I emerged from the office as the sun was going down, to find Connor and Chess sitting together in the library, forming a book club of two around the history section. Far too late I remembered that Chess’s degree was history and that she was only my assistant because there weren’t any folklore graduates in York. Or at least none who wanted to work for a pittance and a grouchy boss.
‘I find the writing approachable, but a little bit lacking in intellectual rigour,’ Chess was saying. As I hadn’t seen her read anything apart from Cosmo in the time that I’d known her, I was slightly surprised by her assessment. Unless she was covering the subject of women’s magazines, of course, which would have fitted her evaluation just as well as some of the modern takes on historical subjects.
‘A bit populist, you’re right.’ Connor put his cup down and then noticed me. ‘Ah, and you’re here.’
‘Why? You’re not talking about my work, are you?’ I prickled.

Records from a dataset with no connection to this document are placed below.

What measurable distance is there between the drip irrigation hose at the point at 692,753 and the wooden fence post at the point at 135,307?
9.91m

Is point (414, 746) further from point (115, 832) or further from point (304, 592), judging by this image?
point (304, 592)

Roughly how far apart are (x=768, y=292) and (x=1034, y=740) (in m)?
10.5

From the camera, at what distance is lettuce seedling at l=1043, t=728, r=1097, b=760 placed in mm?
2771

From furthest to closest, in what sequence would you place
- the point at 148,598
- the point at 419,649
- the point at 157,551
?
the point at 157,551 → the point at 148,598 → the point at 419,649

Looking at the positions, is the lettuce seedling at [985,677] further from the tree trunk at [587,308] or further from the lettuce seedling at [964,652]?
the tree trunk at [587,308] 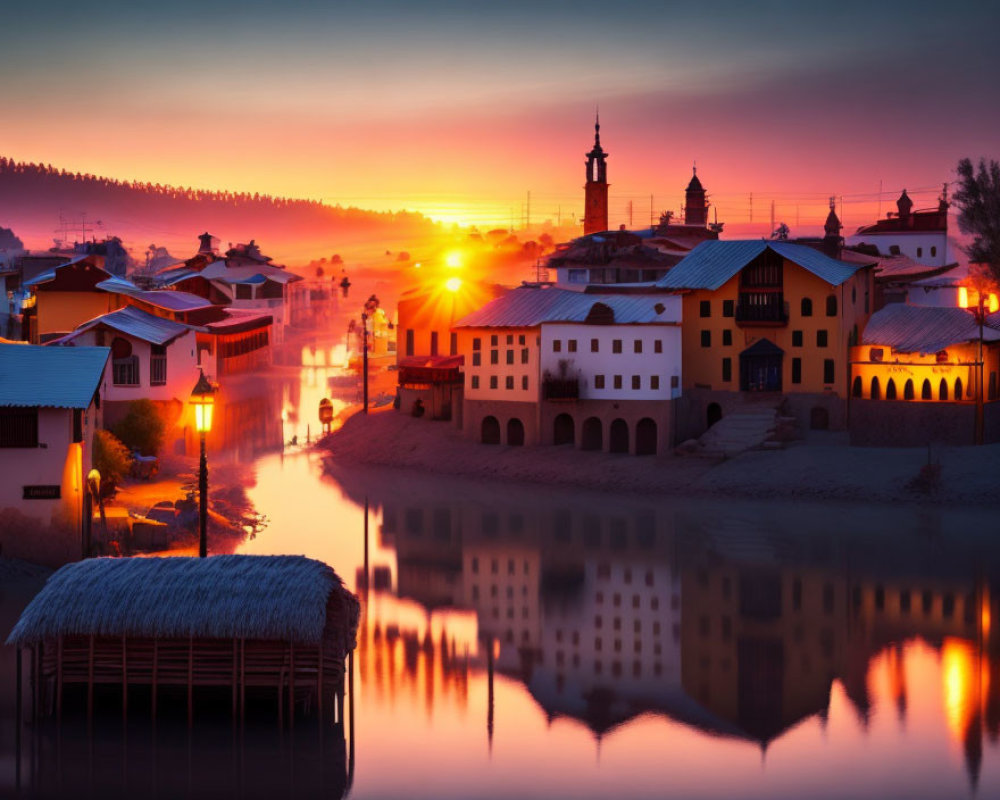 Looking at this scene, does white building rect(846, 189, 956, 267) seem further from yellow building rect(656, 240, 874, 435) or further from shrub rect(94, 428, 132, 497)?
shrub rect(94, 428, 132, 497)

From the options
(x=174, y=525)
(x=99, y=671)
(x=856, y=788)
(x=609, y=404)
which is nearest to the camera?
(x=856, y=788)

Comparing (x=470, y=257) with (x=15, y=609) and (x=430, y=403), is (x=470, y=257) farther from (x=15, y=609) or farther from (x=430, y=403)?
(x=15, y=609)

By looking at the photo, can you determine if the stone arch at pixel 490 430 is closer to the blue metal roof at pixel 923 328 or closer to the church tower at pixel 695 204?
the blue metal roof at pixel 923 328

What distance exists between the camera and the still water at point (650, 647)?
31672mm

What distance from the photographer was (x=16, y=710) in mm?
33750

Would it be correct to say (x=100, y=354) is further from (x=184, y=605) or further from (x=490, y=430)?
(x=490, y=430)

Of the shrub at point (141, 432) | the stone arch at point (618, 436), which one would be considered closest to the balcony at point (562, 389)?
the stone arch at point (618, 436)

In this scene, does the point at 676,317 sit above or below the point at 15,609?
above

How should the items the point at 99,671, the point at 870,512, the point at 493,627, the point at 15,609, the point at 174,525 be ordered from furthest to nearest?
the point at 870,512, the point at 174,525, the point at 493,627, the point at 15,609, the point at 99,671

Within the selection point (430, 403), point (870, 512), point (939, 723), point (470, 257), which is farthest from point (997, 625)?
point (470, 257)

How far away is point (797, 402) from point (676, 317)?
686cm

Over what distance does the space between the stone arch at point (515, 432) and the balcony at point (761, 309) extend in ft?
37.6

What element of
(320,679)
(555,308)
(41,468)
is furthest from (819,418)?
(320,679)

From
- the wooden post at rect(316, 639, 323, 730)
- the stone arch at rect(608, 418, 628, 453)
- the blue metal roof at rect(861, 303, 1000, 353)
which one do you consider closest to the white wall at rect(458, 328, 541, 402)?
the stone arch at rect(608, 418, 628, 453) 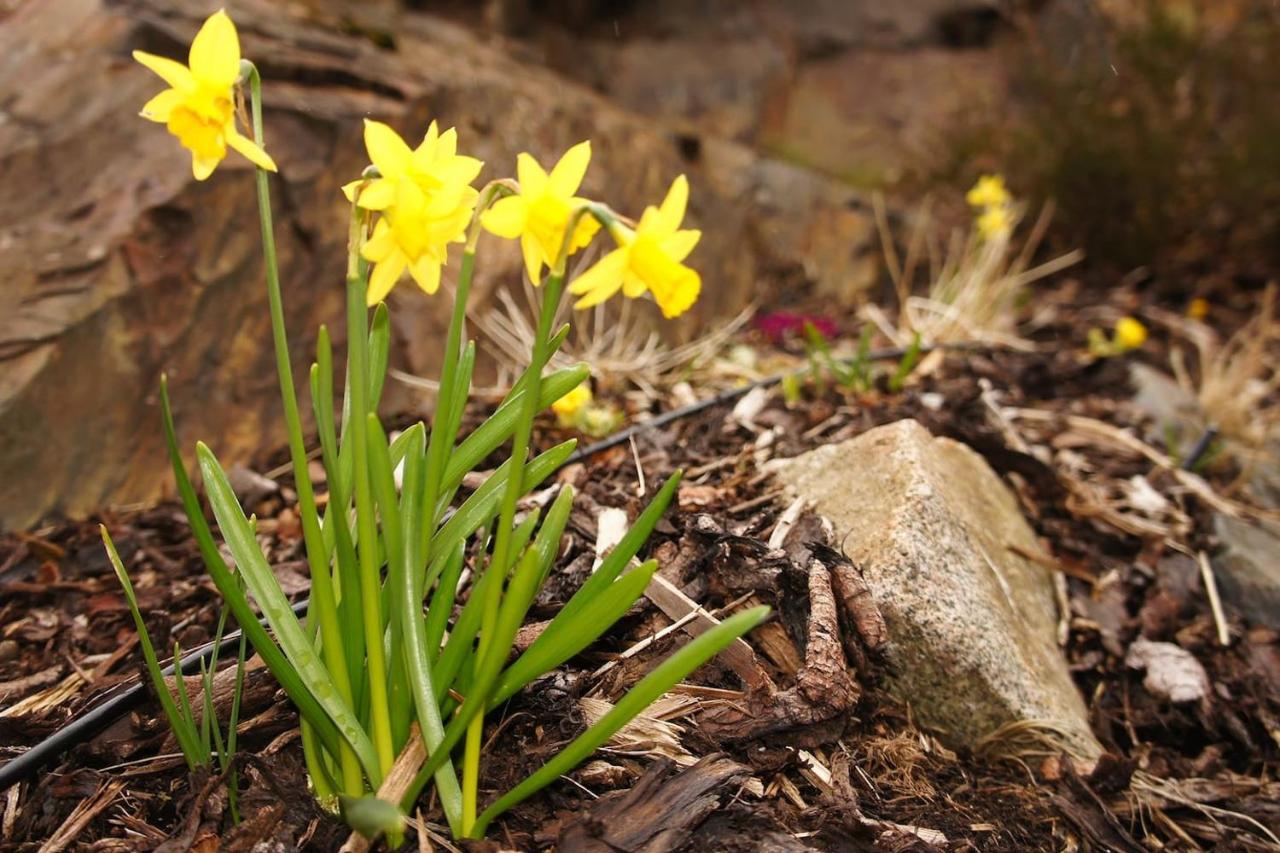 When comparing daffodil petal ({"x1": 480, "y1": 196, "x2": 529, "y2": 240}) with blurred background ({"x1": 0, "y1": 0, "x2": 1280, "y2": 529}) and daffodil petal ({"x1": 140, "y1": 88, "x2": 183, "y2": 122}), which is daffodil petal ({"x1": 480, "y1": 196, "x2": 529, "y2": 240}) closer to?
daffodil petal ({"x1": 140, "y1": 88, "x2": 183, "y2": 122})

‘We are not. You’re a sensitive soul, Rowan.’ He grinned at me, but I wasn’t going to be appeased that easily and kept the scowl I’d assumed as soon as I’d seen him out there, drinking coffee. Nobody had offered me coffee.
‘Pragmatic. I prefer pragmatic,’ I said, glancing at their cups in a meaningful way. ‘It’s been a long afternoon and I’d like to get home, so if you two have finished slandering some poor struggling author…?’
‘I’m meant to be going out tonight.’ Chess pulled her phone over and glanced at the screen. ‘Yep. Time to go.’
She collected her coat, bag, keys, hat, scarf, glasses and other accoutrements as though she were a self-assembly version of an assistant, and waved us a cheery farewell, leaving Connor and I in the silent and dark library, surrounded by watchful books.
‘We really weren’t talking about you,’ he said jauntily.
‘I should hope not.’ I prepared to lock up. ‘You need my spare room and Chess needs the job. If you start ganging up behind my back, then she’s looking at going back to shelf-stacking in Tesco and you’ll be sleeping on her sofa.’
‘That really does make you sound a bit sensitive, y’know,’ Connor said in a tone so reasonable that I wanted to punch him. ‘And you can’t afford that, not if you’re putting yourself out there. Publishing theoretical research is a bloody brutal business.’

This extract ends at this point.